Thursday, July 19, 2012

Toys.

   I had the most honest moment that I can recall this last weekend. I sat on the floor in the basement of my sisters house playing with wrestling figures with my nephew. It was pure and honest and lovely. We just played, he had one wrestler and I had one and we just took turns pinning each other and coming up with contrasting reasons why we were the winners of that bout. I needed him way more than he needed me, his innocence rubbed off and gave me hope of better, simpler days. I have to be honest there is this thing on my mind weighing me down, bear with me if you will. I recently went to my first and probably last Griffstock, and I made a complete and utter fool of myself. Why do you ask? a dazzling array of reasons, Arrogance, Esoteric beliefs. Ignorance, Foolishness, and lastly but greatest falt of all Nervousness. The need to impress outweighed out maneuvered out flanked and out battled the need for discretion, humbleness and timid interaction. I was wrong, I pointed out flaws people were not ready to acknowledge and I suffer because of my indiscretions. I suffer the loss of another lover, partner, connection in a world were so few relate. I constantly sniff out the few that do and then sabotage and push them so far away because its scary and I dont want to be rejected. Again knowing the problem doesn't set you on the correct course just hurts more knowing what you are doing and that you cant help it. All I can do is acknowledge and apologize, and thank my nephew who thought I was doing him a favor by playing with him... If only he knew he was saving me.

Saturday, June 30, 2012

4000

      Thats how many page views I currently am at. Thank you, all 4,000 of you who thought I was worth the small liesure time you had, and spent it on me. I have a lot to say so if you are not ready to commit like a serious relationship I suggest you stop reading now.
     When did we become masochist? When did the subtle switching in our history occur, that we stopped believing in the betterment of ourselves and decided hurting ourselves would be more productive? maybe if we pinpointed it we can alter it presently. I am at an all time low, I havent had a haircut in maybe 2 months.
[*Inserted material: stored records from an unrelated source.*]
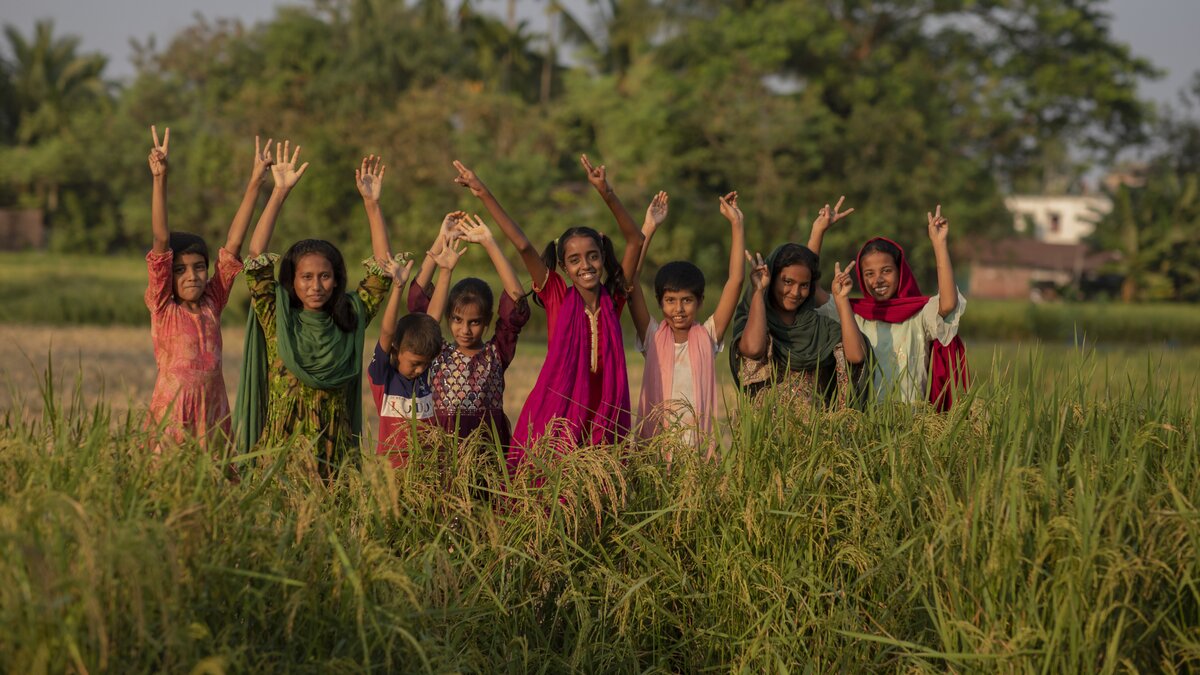 -Einem-Vogel-die-Freiheit-schenken-Sternsinger-bitten-um-Geld-f-r-Kampf-gegen-Kinderarbeit-in-Bangladesch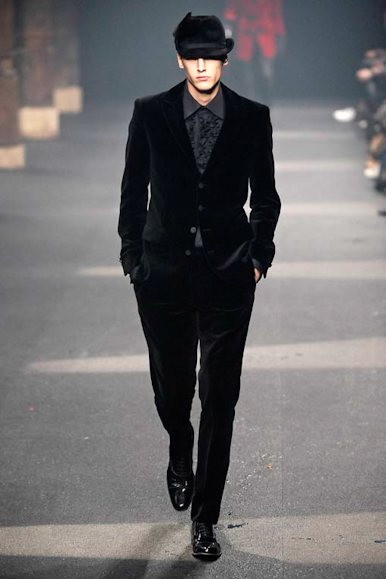 desfiles-tmugler-parisinvernomen2009rtw-129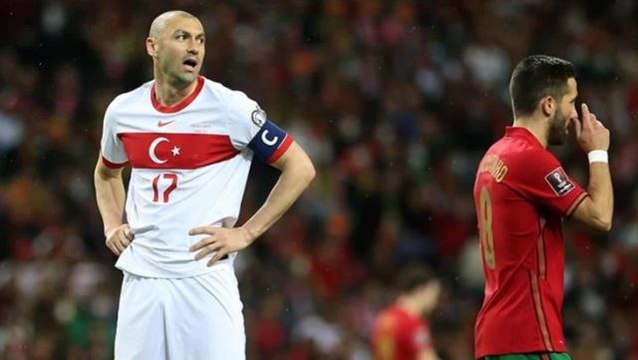 Bir dönem resmen sona erdi! Burak Yılmaz milli takımı bıraktı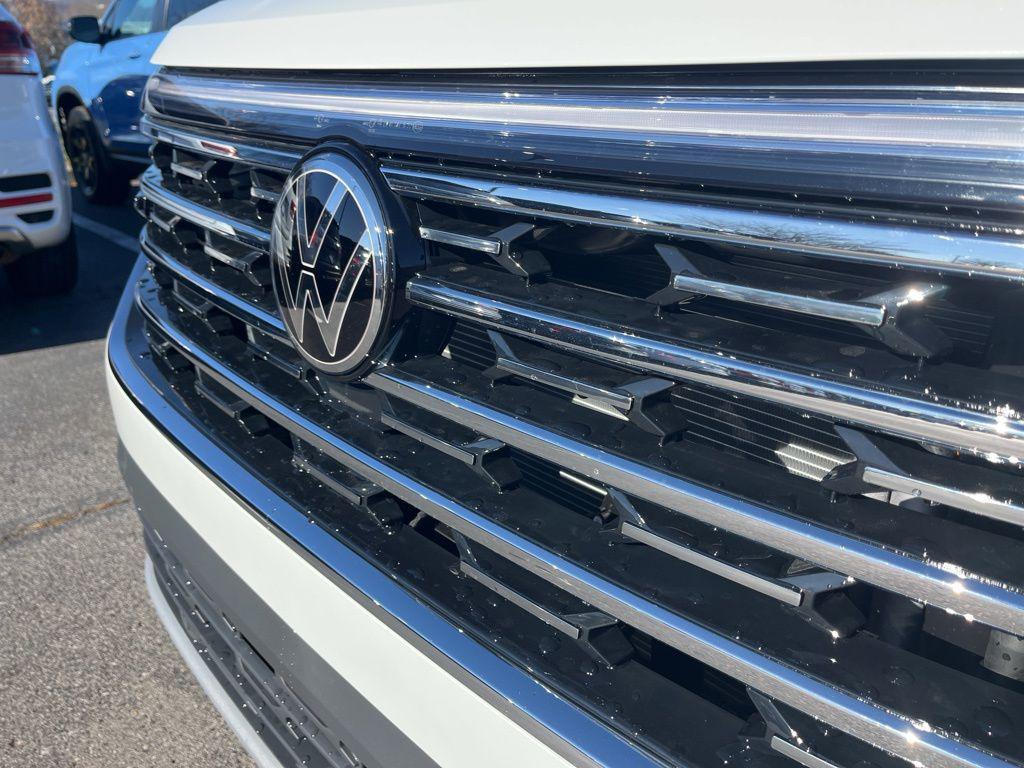 new 2026 Volkswagen Atlas car, priced at $53,392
I look up into the mirror while writing this an I am ashamed of the man I see in the mirror, and mostly other peoples opinion's make me feel this way. I'm so very tired of being lonely so I cling to the little human connection I do have for a small reprieve from my anguish, but these connections hurt, hinder, abuse, and suffocate (and a few more negative adjectives) the type of man I want to be. My current relationships are like everything in life; cyclical, a cycle of hurt and questioning of oneself that only leads to being hurt and questioning one's self. 
    I make mistakes constantly and I'm sorry, but stop being so quick to judge and ask WHY. I think why is the most simple but overly complex question in the history of humanity. Why do we do what we do. I can honestly tell you why I do what I do. Shame, I am ashamed of what I dont have, I have been sold this idea of what I should look like, smell like, have and act. If I dont meet these standards then I am less then others, and ashamed of it. PUBLIC SERVICE ANNOUNCEMENT being aware of your issues does not solve them. I want someone to love me for me, for my quirky randomness, for my love of America, and true love not false bravado, of freedom. of long intimate phone conversations arguing passionately about the use of "god" on money and in courts. Im constantly late and thats because I don't  have good time management and my lady has to be strong on my deficiencies or it wont work out. 
     We dont put substance in anything anymore too afraid of being vulnerable and unaccepted, I ask why? what can be so bad? someone else not accepting us? We must first accept ourself's, must first love ourself's then other's opinions wont matter and we can stifle through the mundane and undeserving and find true companionship. I know its moronic the blind leading the seeing, I don't have anyone and havent had someone for quite sometime so how can I tell you the importance of distinguishing who you should be with is outrages. but lets look at the metaphor the blind, who's other senses are more accute notice things that maybe those with vision dont.


P.S Shout out to the Supreme Court with bi-partisanship  recently upheld the constitutionality of the personal mandate for health insurance, big win for democracy and checks and balances.


Thursday, June 7, 2012

It's been too long and im lost without you.

Seriously, you fight your way back into my life. Now you have to stay. Yes I get it, my extreme democratic views disheartened you, you have someone else in your life and you feel like you owe it to them to not talk to me. It's okay I wont push you further then you didn't want to be pushed. I'm here and you know me, now come back.

Monday, April 16, 2012

So you wiggled your way back into my life! This might be interesting ;) guess I will just go with the flow.... Or you can just tell me what you want . In the meantime my alarm just went off time to get up.

Monday, January 16, 2012

will I ever be rid of you.

How dare you? all 3 of you, I know all 3 of you read this. You have ruined me.. and then you come back to pick at the scab, just when I get over one, another one pops it ugly head and taunts. I dont care about your perfect boyfriend.. or your fucked up situation? or your insomnia... I offered everything I had and it was not good enough. Thats fine I can live with that, but what I cant live with is you trying to find some place in my life. I let you go, so do the same.